I don’t blame them for doing it. But I did at the time.
How dare they? I felt like they were kicking me while I was down. They knew I crashed rolled my car. They didn’t ask if I was OK, they fired me instead.
For about 6 weeks after being fired I had a recurring daydream of driving by and throwing a cinder block through the window.
I’m so thankful I didn’t indulge in that thought.
They told me I had 15 minutes to gather my things and leave the property.
I was already pretty emotionally crushed even before hearing this news. For years I regretted not going out with more of a fight. I just had no juice left.
I packed my stuff and began walking home.
I pulled my phone out to call my girlfriend.
No service. I hadn’t paid my bill.
I had no job, no car, no money, and in my eyes, no chance at all of ever digging myself out of this hole.
I didn’t get much accomplished over the next couple of days. I knew I needed an income as soon as possible, so I put my feelers out. Confidence was extremely low, seeing as I was just fired from my most recent job.
Besides submitting some resumes and asking around, I spent the rest of the time in my room eating gummy candy.
I was low. I failed at life. I left home, took a crack at it, and fantastically fell on my face.
I did catch some breaks out of all this. Insurance was going to pay me out for the car since there was no alcohol officially involved.
This makes no sense at all, but because I felt so worthless, this payout didn’t actually help me out. It motivated me to wallow at home longer. Eating more gummy candy, and wishing the whole situation away.
A few weeks went by, and I felt worse than ever.
My parents still didn’t know about any of this, my sister knew, but I asked her to keep it a secret, which was extremely difficult for her, and I was wallowing in the darkness of my mistakes for entirely too long.
I was thoroughly aware of the damaging nature of my lifestyle.
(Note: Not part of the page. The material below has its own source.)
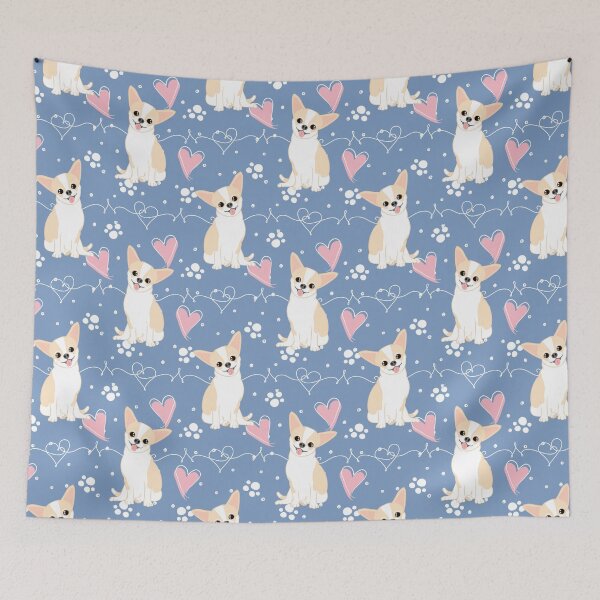 Item preview, LOVE Fawn Cream White Chihuahua 1 designed and sold by Lulupainting.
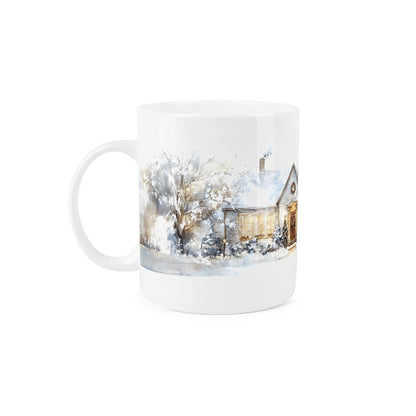 Winter Christmas House Mug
I didn’t know it before, but I knew it now. This was more valuable than I knew.
You hear all the time that you find out who your true friends are when you’re down and out.
This is very true. Let me tell you, my circle shrunk drastically during this period of time.
Learning that people who I thought were my friends really weren’t was just icing on the cake of everything else that was on my mind.
Can I step away from the story for just a second?
The story up until this point, the car crash, getting fired from my first personal training job, this was all a secret until now. This blog is the first time anyone has heard this story outside of people I trust with my life.
I never disclosed my getting fired to any potential employer from then until now.
Lucky for me, most employers don’t actually look into it.
Writing this is extremely liberating. It’s also extremely frightening.
These are secrets I intended on keeping. Not publishing and sharing on social media. I just hope someone finds it helpful, and by the end of the series, possibly inspiring.
Back to the story.
After a few weeks spent in bed eating gummy worms, getting soft, skinny, weak, and dull, the survivor in me began to show some life.
It was time to start crawling.
I always viewed this situation as a hole that I dug for myself. A very deep hole. And everything I would do for the next decade was dedicated to me crawling my way out of it.
It was time to get on my hands and knees, and ever so humbly begin to move forward.